Slow Cooker Turkey Breast
Slow Cooker Turkey Breast is the PERFECT way to free up oven space during the holidays, made with a bone-in turkey breast seasoned with butter, herbs, and spices, then slow cooked until tender and juicy!

This is one of my favorite ways to make turkey on my Thanksgiving and Christmas menus, especially when it’s just my own family instead of a huge party. This cooking process makes everything so much easier for home cooks (and fewer dishes)! It’s definitely going to be your new favorite way to celebrate the holiday.

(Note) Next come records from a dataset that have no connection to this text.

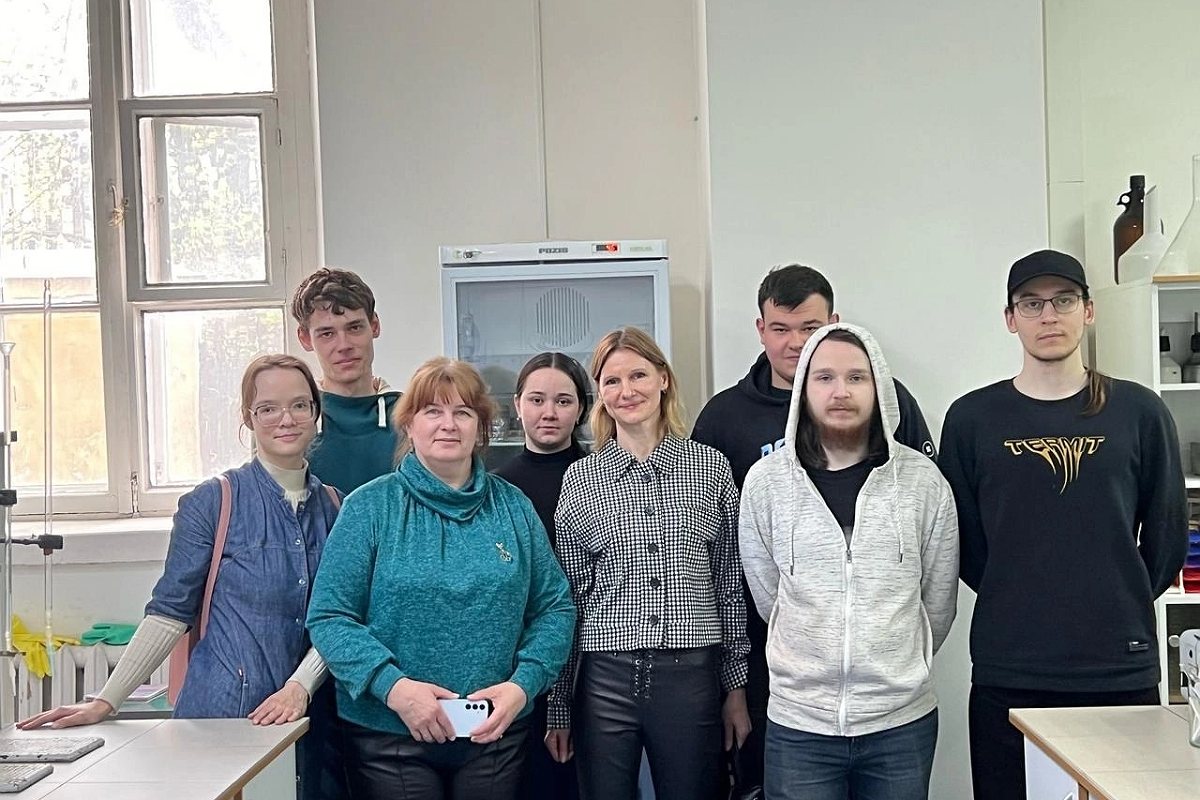 Студенты СПбГЛТУ посетили ВНИИ «Пищевых добавок»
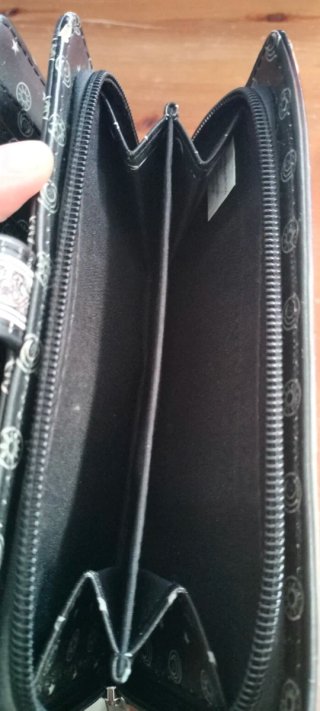 Monedero Spirit Board Negro y Plateado.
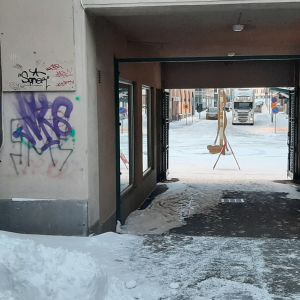 Hus med graffitti på. 
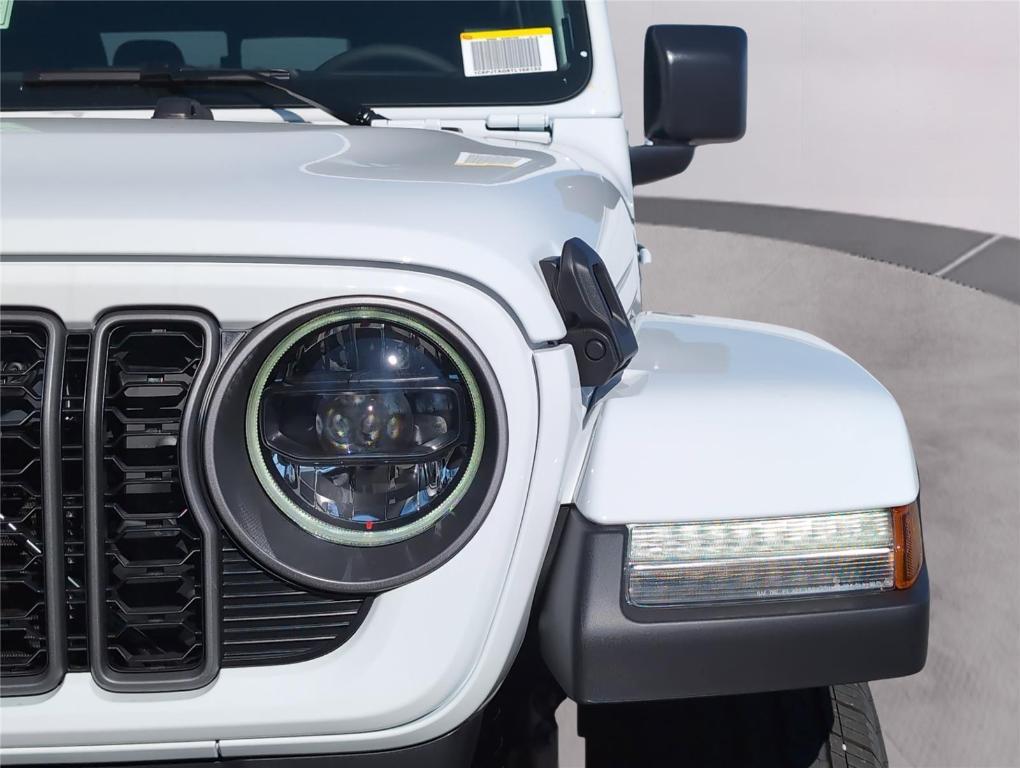 new 2026 Jeep Gladiator car, priced at $47,685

If you loved this recipe, you may also love my Roasted Spatchcock Turkey, or my Slow Cooker Spiral Ham. These both pair perfectly with my Gluten Free Stuffing!
Table of contents
Why You’ll Love This Recipe
Insanely Juicy – The slow cooker is one of the best ways to keep moisture in while cooking, making this turkey breast insanely moist and juicy!
More Oven Space – The turkey usually takes up the most room in the oven, and using the crock pot frees up all of that space for side dishes.

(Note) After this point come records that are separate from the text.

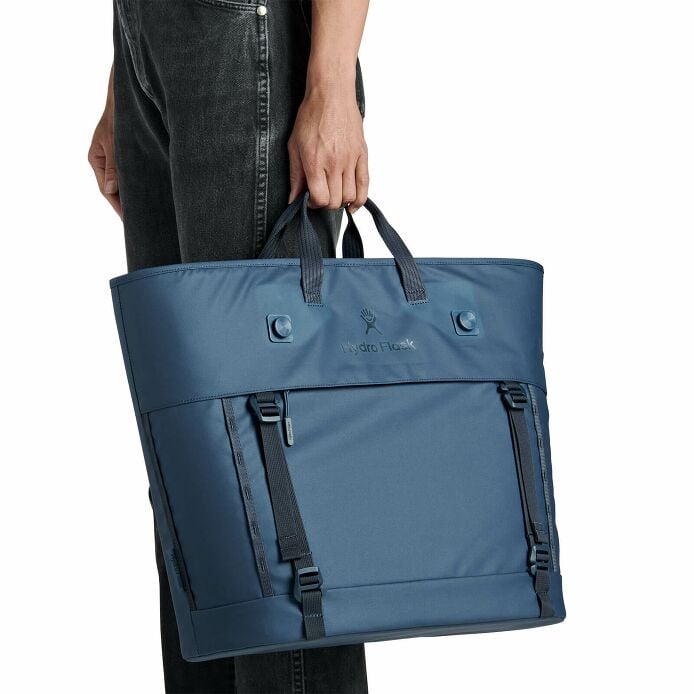 carryouttm-soft-cooler-tote-30-l-y9 250815_hydro_s26_hb_14619_2.jpg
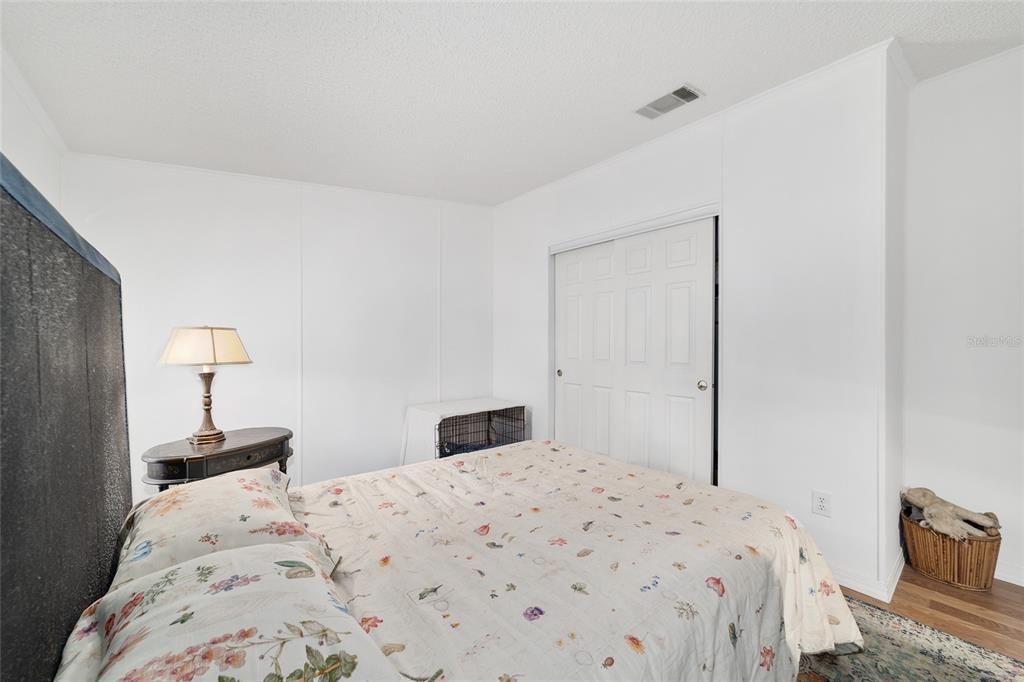 Active With Contract: $399,900 (2 beds, 2 baths, 1446 Square Feet)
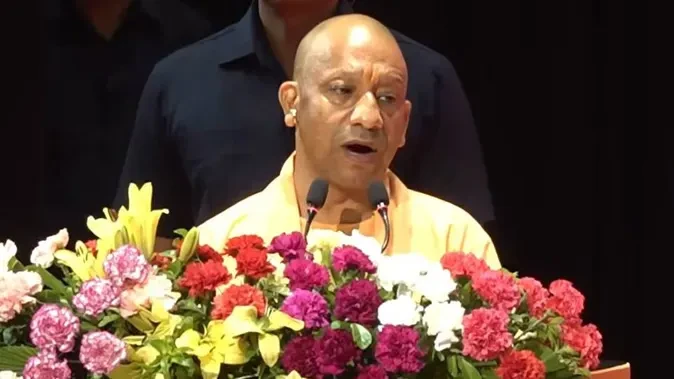 यूपी कैबिनेट का बड़ा फैसला: वाहन मालिकों को टैक्स में राहत, जुर्माना पूरी तरह माफ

Perfect for Small Gatherings – This is the perfect solution for smaller holiday gatherings, because you’ll get enough for about 6-8 people, or for 4 people plus leftovers.
Ingredients You’ll Need

Turkey Breast. I used a 7 pound bone-in turkey breast for this recipe. You can use a smaller bird, but I wouldn’t go any larger. You want to make sure your bird fits comfortably in the slow cooker with the lid securely on.
This recipe also works for a boneless turkey breast, or the turkey breast with one side of the breast and a leg piece attached.

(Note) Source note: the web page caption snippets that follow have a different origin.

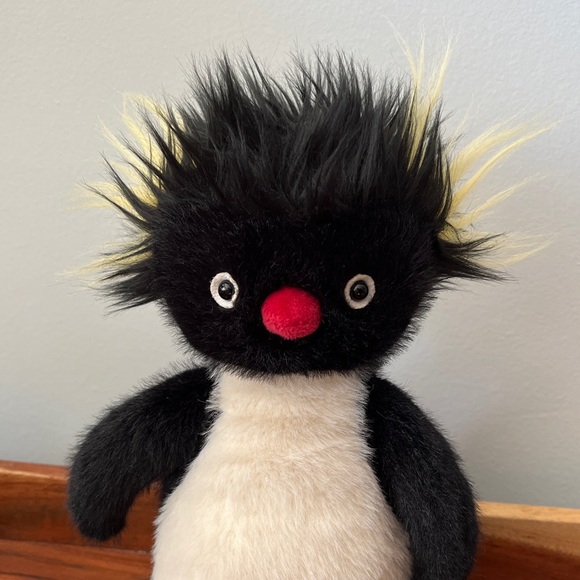 NWT • RARE & HARD TO FIND ~ JELLYCAT RONNIE ROCKHOPPER PENGUIN - Picture 2 of 9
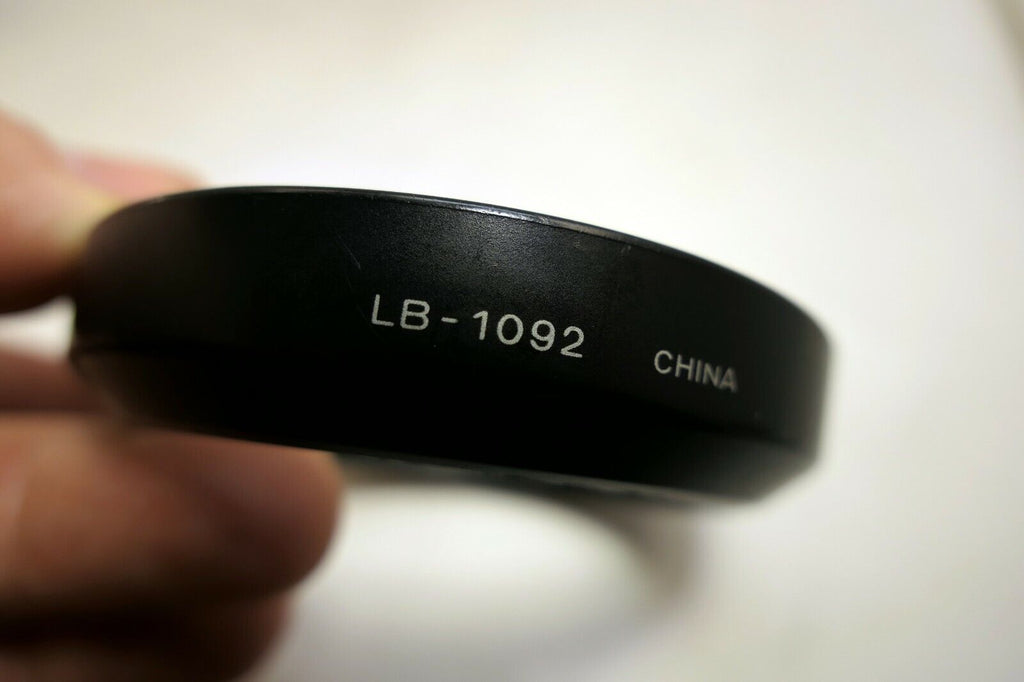 Minolta LB-1092 Maxxum lens hood shade For AF Zoom 28-100mm F3.5-5.6 D Original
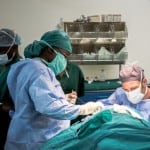Dr-Sattler-waehrend-einer-Operation-in-Uganda-Beta-Humanitarian-Help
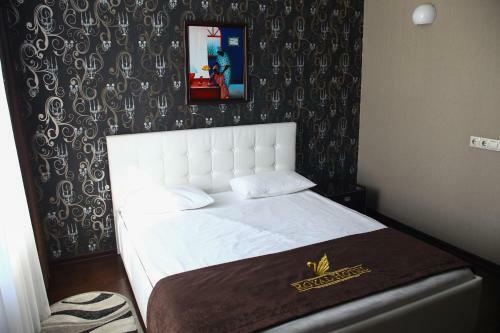 Royal Hotel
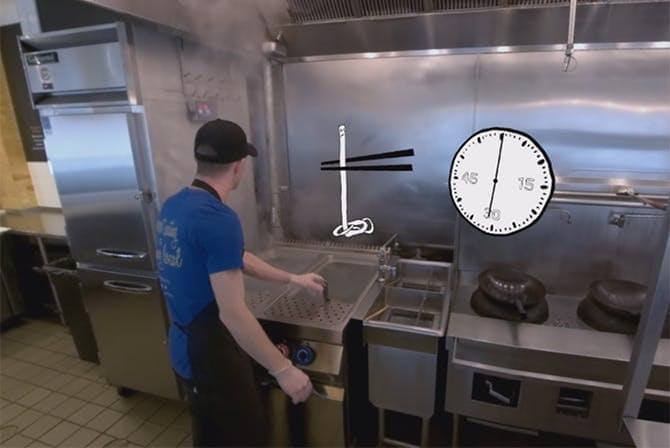 Виртуальная реальность обучает ресторанных работников следующего поколения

Onion. You can use a Vidalia onion, yellow onion, or white onion. The main reason we’re adding it is to raise the turkey up in the dish, and flavor the drippings.
Celery. This helps flavor the drippings, and also adds moisture in the slow cooker.
Butter. I’m using unsalted butter, so I can control the amount of salt in the final dish. We’re going to make a compound butter, which is butter mixed with herbs and spices.
Lemon. I like to mix some lemon in with the compound butter, to give it a fresh light flavor.
Garlic. Adding some fresh garlic to the compound butter helps add a ton of flavor.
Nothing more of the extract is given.